UN flight thwarted as fighting grows in Ethiopia
A United Nations humanitarian flight to the Ethiopian region of Tigray, epicenter of a year-old war that threatens to cause deepening famine, was ordered to abort a landing Friday as government airstrikes hit the area for a fourth day.
The flight by the U.N. Humanitarian Air Service, bound for the Tigrayan capital, Mekelle, returned to the national capital, Addis Ababa, and all such flights were suspended, said Steve Taravella, a spokesperson for the World Food Program, the U.N. anti-hunger agency that manages the air service.
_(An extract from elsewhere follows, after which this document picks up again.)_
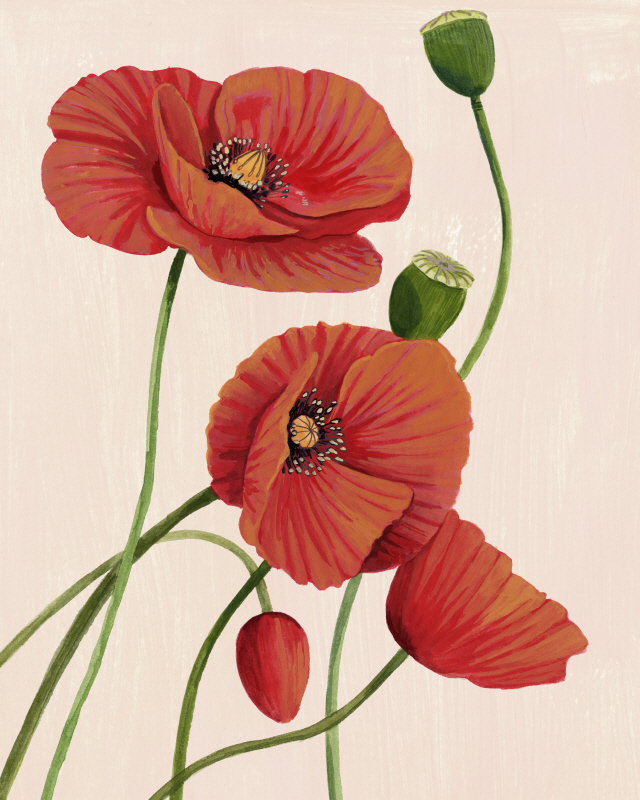 그레이스 포프 - Soft Coral Poppies I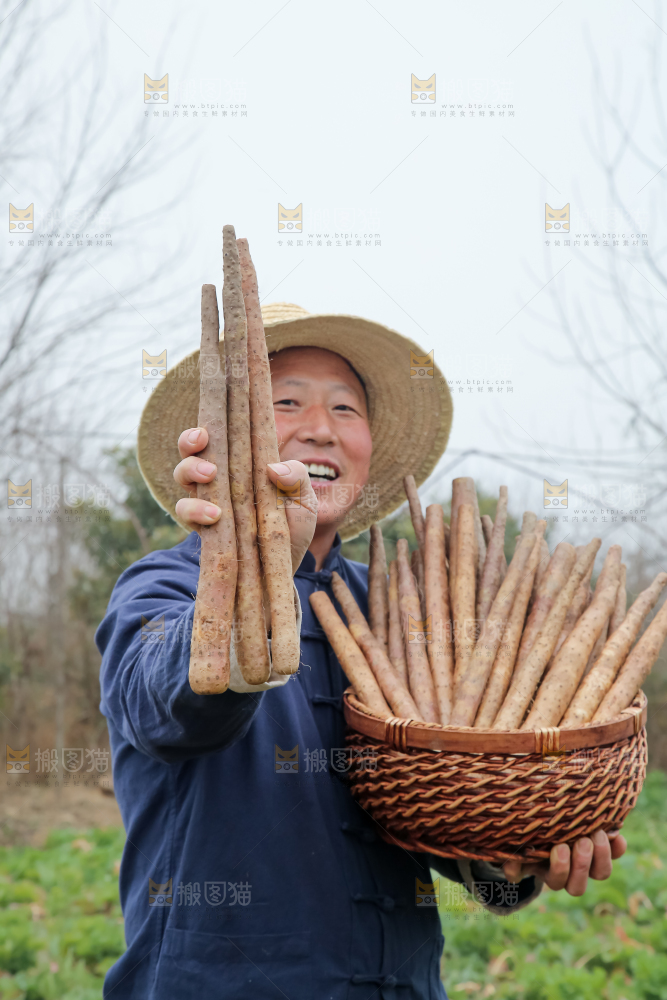 铁棍山药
It was the first time a U.N. humanitarian flight had been forced to abandon a mission into the Tigrayan region because of airstrikes, said Gemma Connell, the top U.N. aid official for southern and eastern Africa.
“We’re obviously concerned about what has taken place today,” Connell said in a conference call with reporters. She said 11 humanitarian workers were aboard but did not elaborate on their work or the cargo they had carried.
Hours later, Martin Griffiths, the U.N.’s undersecretary-general for humanitarian affairs, issued an angry statement asserting that the organization had not been given any prior warning of the airstrikes on Mekelle and had received the necessary clearances for the flight.
“U.N. and nongovernmental organizations are making every effort to continue delivering assistance to millions of people in desperate need,” he said. “Conflict dynamics make this increasingly difficult.”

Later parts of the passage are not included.